The federal NDP is looking at next month's by-election in South Surrey-White Rock as a learning experience for new supporters, while the Liberals and Conservatives are bracing for an all-out fight.
Former Tory MP Dianne Watts won by a slim margin in 2015, which has the Tories and Liberals both convinced they have a shot at the seat – one of four by-elections across Canada set for Dec. 11. South Surrey-White Rock was created in 2012 and has been Tory ever since. For the Tories, victory would provide momentum for rookie leader Andrew Scheer. For the Liberals, it would suggest their breakthrough in B.C. in the 2015 election continues.
"We tend to look at these [by-elections] as a signal of which way the political winds are blowing," said Hamish Telford, a political scientist at the University of the Fraser Valley.
Meanwhile the NDP, which came in a distant third in 2015, is regarding the Dec. 11 vote as a 2019 training opportunity for supporters drawn to the party by new leader Jagmeet Singh.
"We've got a realistic expectation about that seat," said Burnaby South NDP MP Kennedy Stewart, the B.C. caucus chair. "We're anticipating there will be a very tough hill for us to climb in that constituency."
He said the party has not yet picked a candidate.
"It's a great opportunity to get folks feet wet and get them ready for 2019, so we'll be bringing folks in from across Surrey into that riding," he said. "They can do their first door knocking. They can do their first phone calls and that kind of thing, so we're ready for the election two years from now. That's what we're excited about."
Ms. Watts vacated the seat to seek the leadership of the BC Liberals, an informal coalition of federal Liberals and Conservatives – the two parties now circling each other for a fight in the riding.

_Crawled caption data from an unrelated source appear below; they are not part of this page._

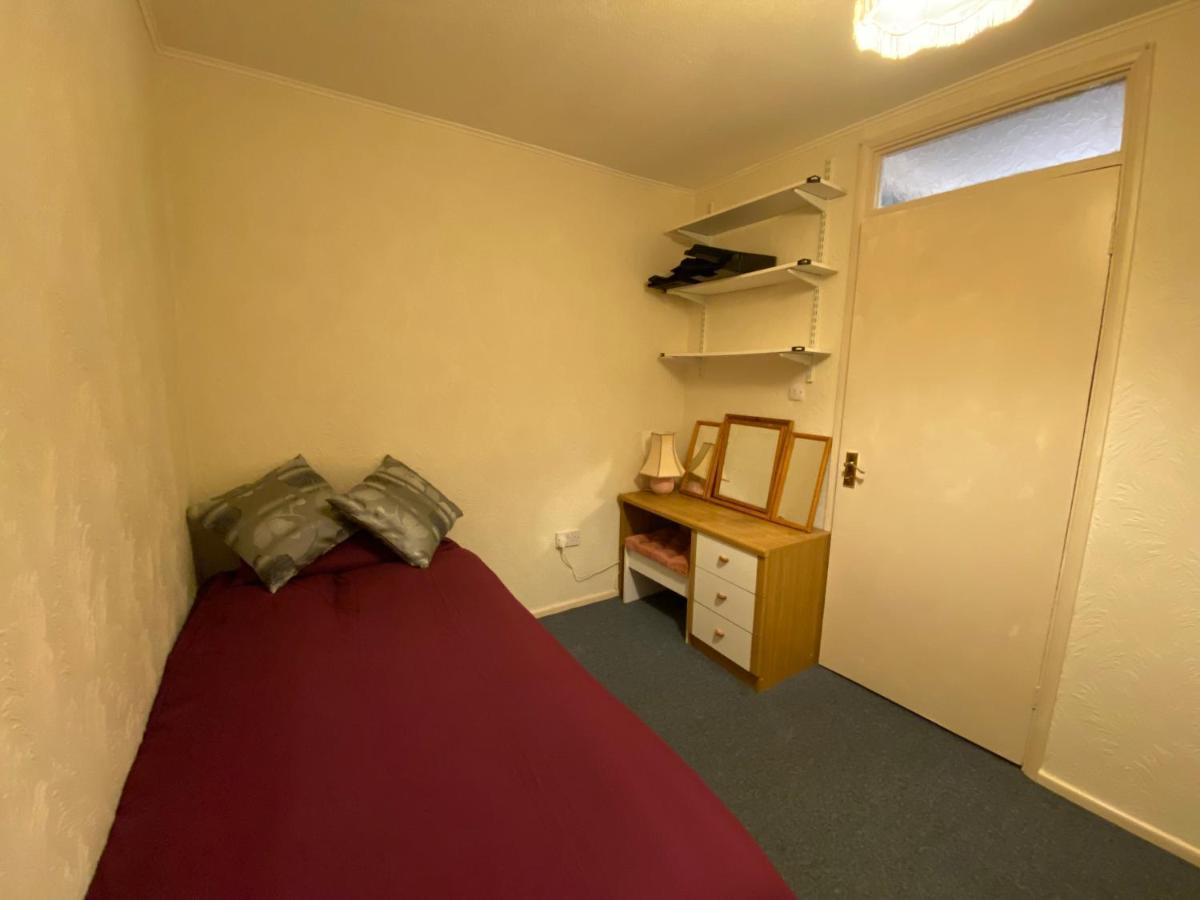 Serene 4Br In Harborne Close To Qe Hospital, Harborne Centre Μπέρμιγχαμ Εξωτερικό φωτογραφία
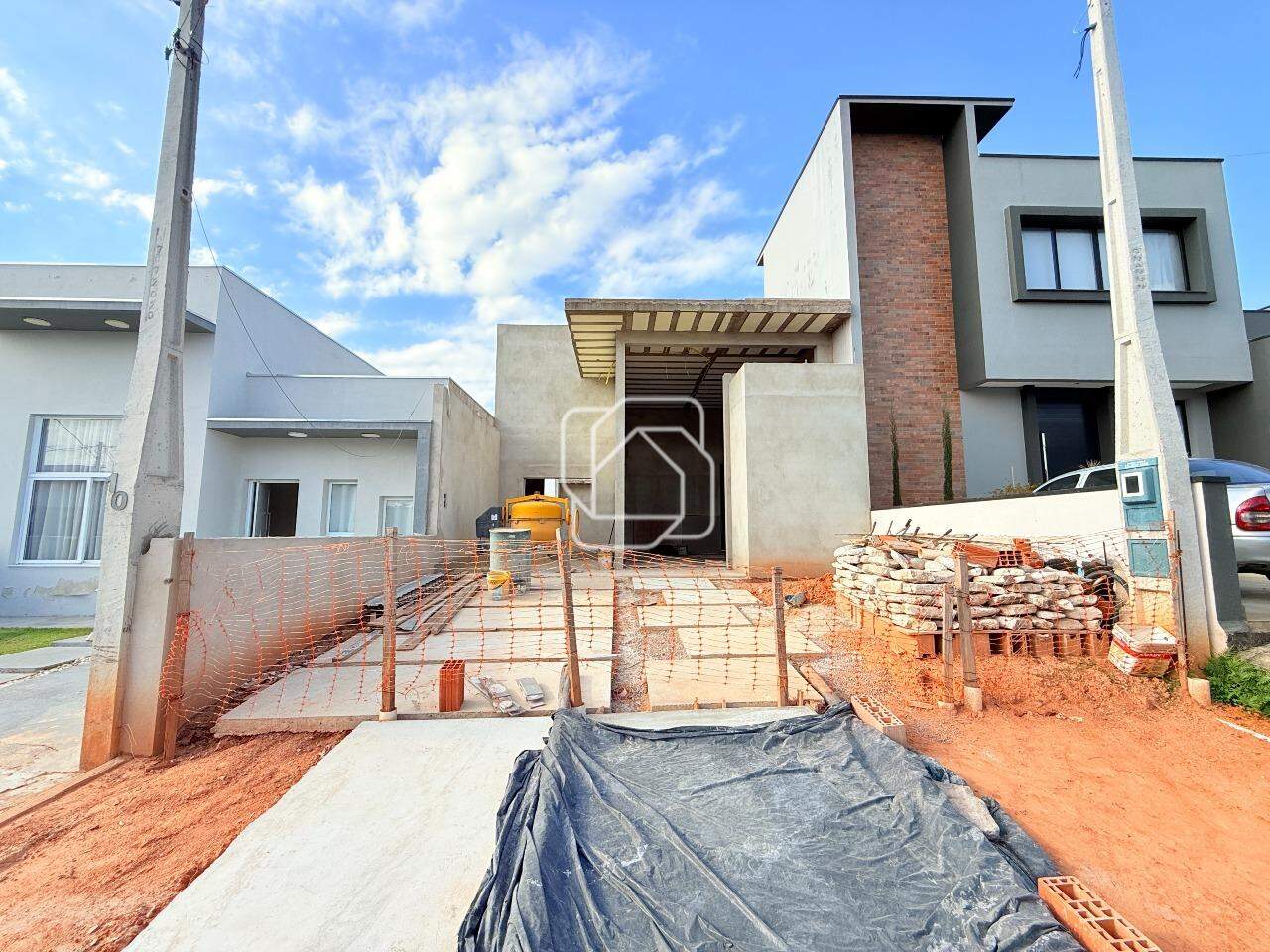 Casa de Condomínio à venda em Salto - SP - Jardim Guarujá: 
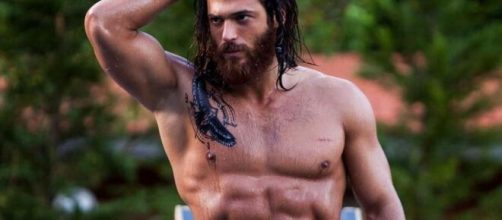 Can Yaman en una escena de 'Erkenci Kus'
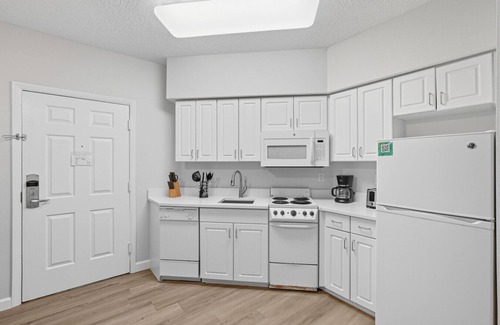 Daytona Beach Apartamento | *New Listing* Completely Remodeled and Newly Furnished 3BR Direct Ocean Front Condo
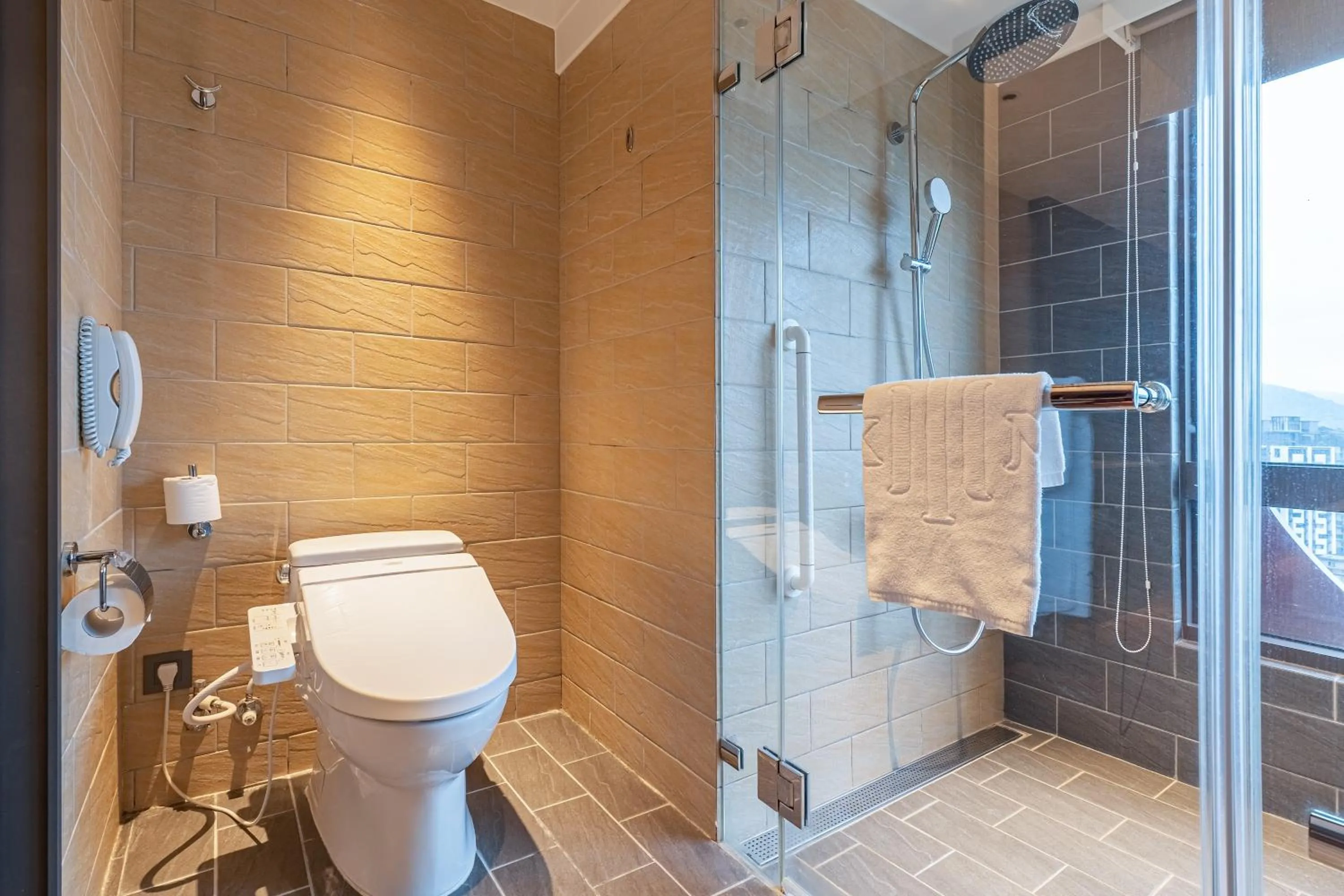 Bathroom in Kilin Hotel, JiaoXi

As of Tuesday, the Conservatives had not named a candidate for the riding, which covers southern Surrey and the city of White Rock. The Liberals have acclaimed former BC Liberal cabinet minister Gordon Hogg.
The former probation officer said he is not sure what resources the federal party would provide for his campaign, but members of the Liberal caucus have committed to help with door-knocking. "It's early in the game at this point, so I don't know what type of support I am going to get from Ottawa or the national campaign," he said.
Mr. Hogg, 71, was elected to the B.C. legislature in 1997 and did not seek re-election in 2017.
He served as minister of children and family development for three years under former premier Gordon Campbell.
Prof. Telford said Mr. Hogg is a good catch for the Liberals because he has name recognition in the riding.
"He's local. He was not parachuted into the riding. He has got a track record in public life," he said.
Mr. Hogg said he was not planning to return to politics but saw an opportunity when Ms. Watts stepped down.
He said the Liberals were a natural fit because he ran for the party in the 1993 federal election, but was defeated by a Reform Party candidate.
"I've been a Liberal virtually for all of my life, so for me, I wasn't prepared to consider running as a Conservative, although some people had suggested that," he said.
Mr. Hogg said he is interested in transit, housing, poverty among seniors and the opioid crisis as issues to take on nationally.
However, he said the Liberals will have to campaign hard. "It has never been Liberal, and there are some significant challenges with respect to that," he said.
Scott Lamb, president of the Conservative Party of Canada and a national party councillor for B.C., said the Conservatives will also be challenged.
"The Liberals are pulling out all the stops in this riding, and we expect them to come hard," Mr. Lamb said in an interview.
He acknowledged that Mr. Hogg, a former White Rock city councillor and mayor, is a "popular candidate."
Still, he said the Tories will attempt to connect him to unpopular federal Liberal policies, such as tax measures affecting small business, and even suggestions they are clawing back a disability tax credit for diabetics.
"We're going to try to keep these guys honest in Ottawa, and frankly, sending another Liberal MP to Ottawa doesn't do anything to keep them honest," Mr. Lamb said.
The Tories expect to nominate a candidate on the weekend. Mr. Lamb said he was not sure if Mr. Scheer will come to the riding, but that he expected other prominent Conservatives will.
"We're going to work hard right up until Dec. 11."